• DATA FOR ANALYSIS:

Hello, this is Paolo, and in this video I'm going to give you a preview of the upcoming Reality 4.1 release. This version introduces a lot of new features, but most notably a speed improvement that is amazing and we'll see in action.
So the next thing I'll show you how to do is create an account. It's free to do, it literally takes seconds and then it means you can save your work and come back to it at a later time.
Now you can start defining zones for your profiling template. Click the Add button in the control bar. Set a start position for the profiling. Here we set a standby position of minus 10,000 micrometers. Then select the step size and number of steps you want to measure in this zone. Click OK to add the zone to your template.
...
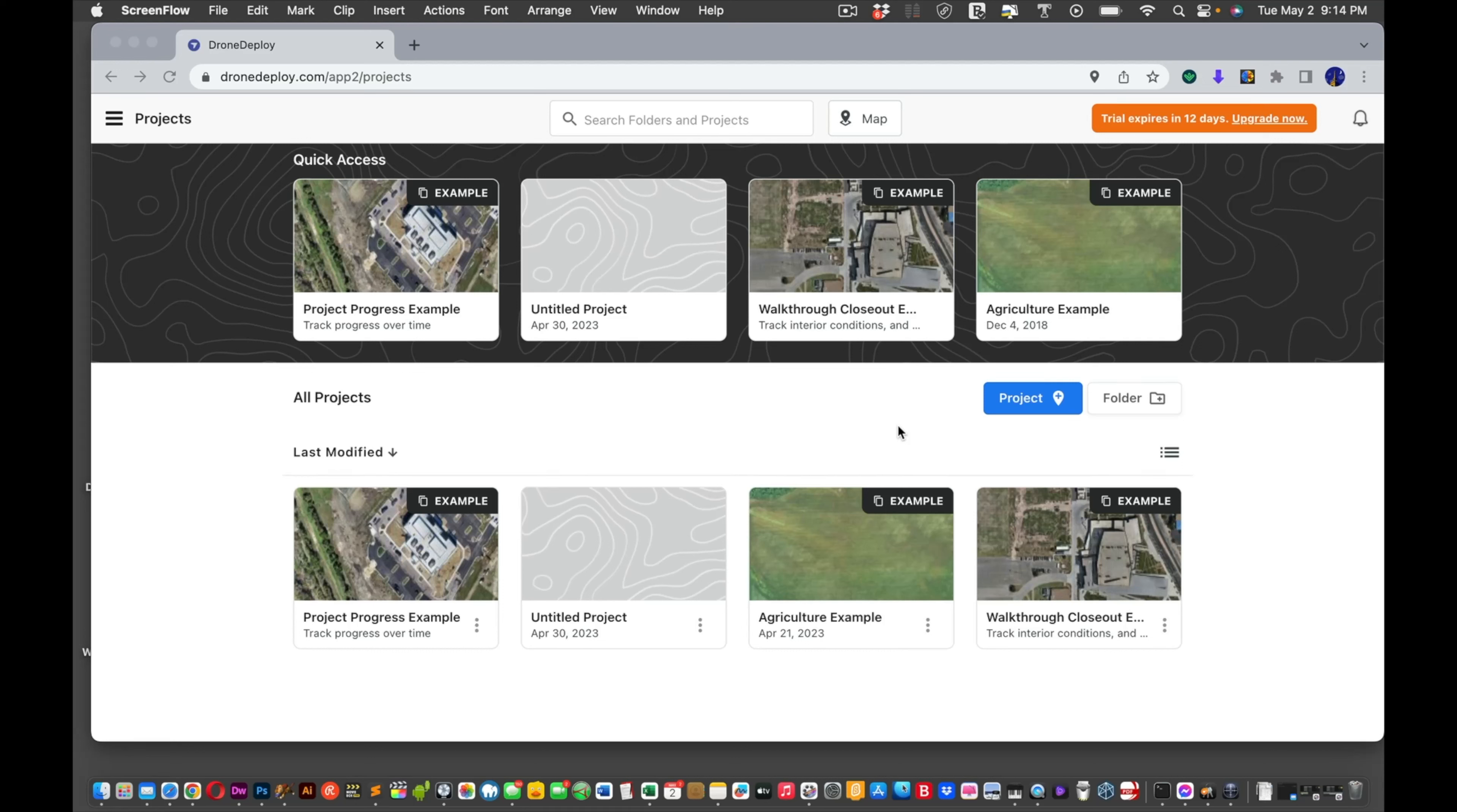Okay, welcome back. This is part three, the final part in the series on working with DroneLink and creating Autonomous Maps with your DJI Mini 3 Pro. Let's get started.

• TASK GOAL: What you give back should be only the lines of the records above, starting at the line with "So the next" and ending at the line with "Now you can", restated word for word.

• ANSWER FOR THE TASK:
So the next thing I'll show you how to do is create an account. It's free to do, it literally takes seconds and then it means you can save your work and come back to it at a later time.
Now you can start defining zones for your profiling template. Click the Add button in the control bar. Set a start position for the profiling. Here we set a standby position of minus 10,000 micrometers. Then select the step size and number of steps you want to measure in this zone. Click OK to add the zone to your template.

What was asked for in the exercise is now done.